Should you warm up your car's engine?
Warmup is part of the ritual of driving any antique, and wise owners follow it faithfully. Few question the wisdom of bringing an old engine up to temperature before putting it under load. Yet many of those same people hop into modern cars and zoom out of the driveway without a moment’s preparation. Is that wise?
Most carmakers say warmup is unnecessary, but they are under pressure from government agencies to keep fuel economy up, and warmup burns gas. And they are in the business of selling parts . . . cars that don’t break don’t make them any money. So I don’t know if I’d follow their advice blindly, in this area and some others . . .

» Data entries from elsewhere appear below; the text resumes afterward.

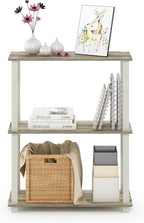 Furinno Turn-S-Tube 3-Tier Compact Multipurpose Shelf Display Rack with Square Tube, Sonoma Oak/White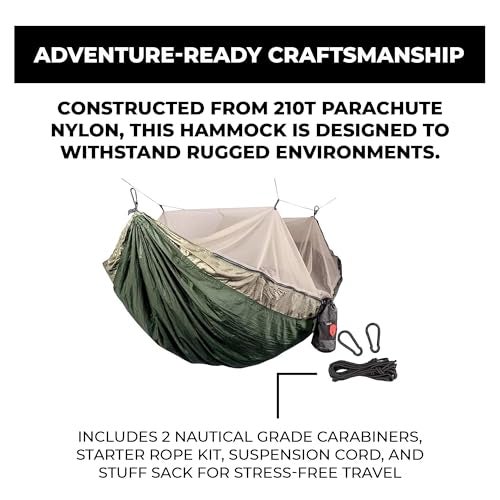 Grand Trunk Skeeter Beeter Pro Mosquito Hammock: Portable Bug Prevention Hammock with Carabiners and Hanging Kit - Perfect for Outdoor Adventures, Backpacking, and Camping Trips - Image 2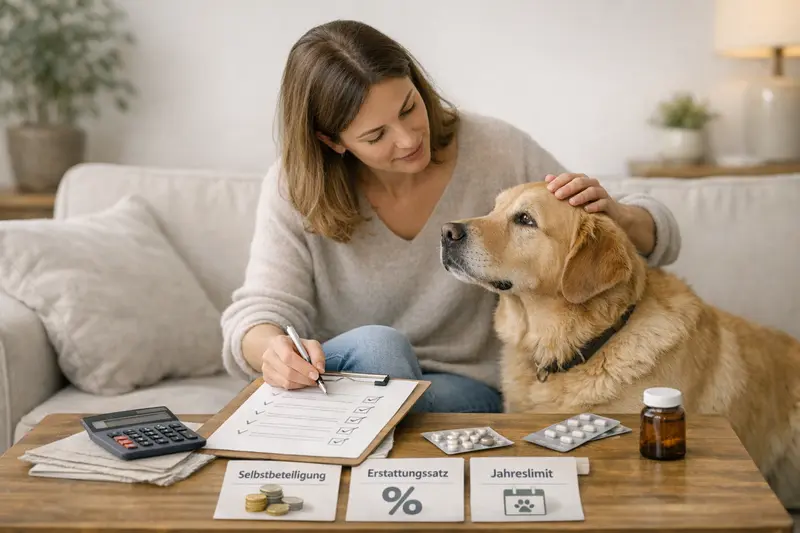 Tierhalter prüft die Tarifpunkte einer Hunde-Krankenversicherung für optimale Erstattung.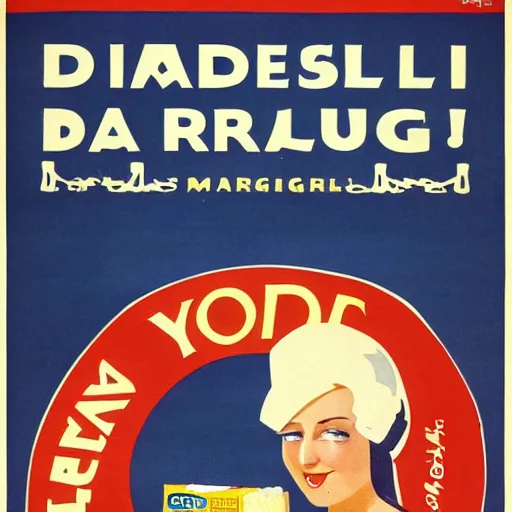 Prompt: year 1 9 2 8 commercial poster for danish margarine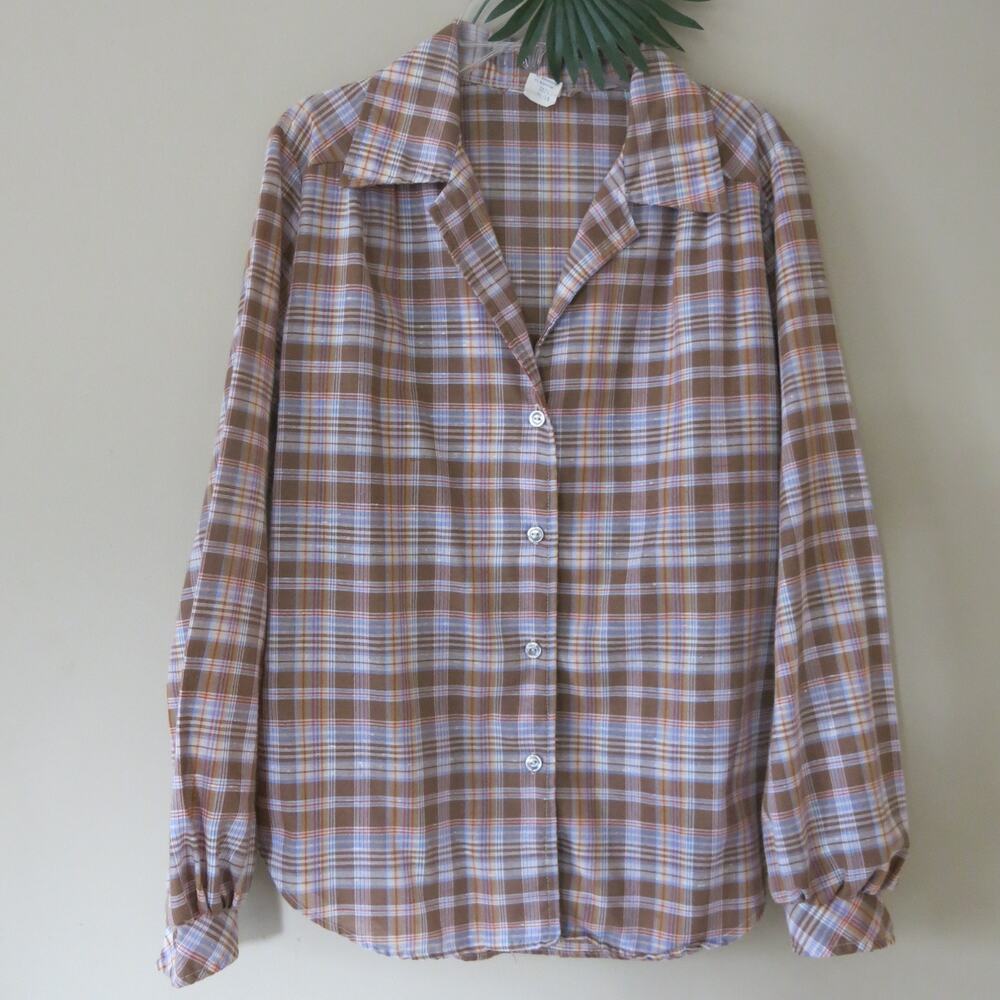 VINTAGE 1970's Button Down Shirt Size 11/12 Plaid Western Brown/Multicolor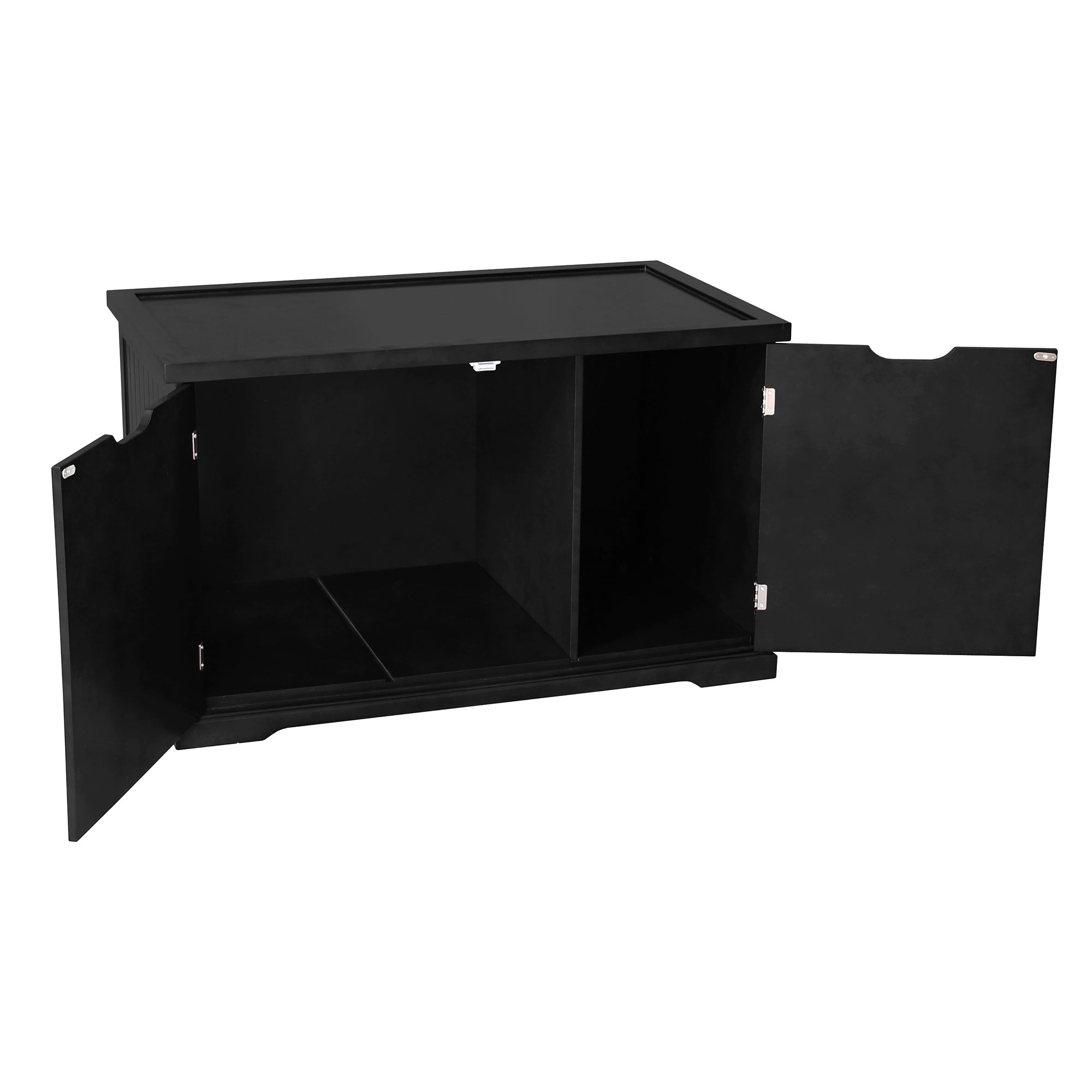 Merry Products Decorative Bench with Enclosed Cat Litter Washroom Box, Black + Merry Products Wooden 6 Foot Dog Gate-N-Crate for Small to Medium Pets, Walnut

When I think about the problems people have with high-end cars, oil leaks and head gasket failures are high on the list for any brand. When we disassemble engines for oil leakage we often find gaskets cracked, which means they were not strong enough to hold against the applied fluid pressure.
It’s easy to assume they didn’t hold because they just weren’t good enough, but that’s not always the only explanation. In fact, when an engine is cold the metal parts have contracted so the fit between two pieces of engine is fractionally looser than five minutes after start, when everything is warm
As the engine parts heat and expand, the bolts tend to expand less, so they become more tightly clamped. Why? Because the engines in modern cars are aluminum or some other lightweight alloy, and the bolts are almost always steel. Steels expands less.
At the same time, when an engine is cold, the oil is thick. Thicker oil = higher oil pressure as the pump works harder to force it through the passages of the motor. An engine that has 15 pounds pressure at 800 rpm hot might have 50 pounds when cold, and pressure could soar to 100psi or more if the motor is raced.
Looser clearances between big engine parts + higher oil pressures in warm-up = much greater chance of blowout failures in the engine’s oil system.
At the same time, stepping on the gas with a cold motor means high combustion chamber pressures. Mix that with those loose clamping forces on the cold head gasket and you have a formula for head gasket blowout.
Manufacturers can say what they will . . . the logic and engineering sense of the points above will stand. They may have engineered in enough strength to protect against the failures I describe, but then again, maybe they didn’t. After all, if they did, we’d never see those failures in the shop!
The simple takeaway – five minutes of warm-up will keep your motor alive longer, with fewer leaks and less risk of failure. And when you do drive . . . go light on the throttle until everything is up to temperature!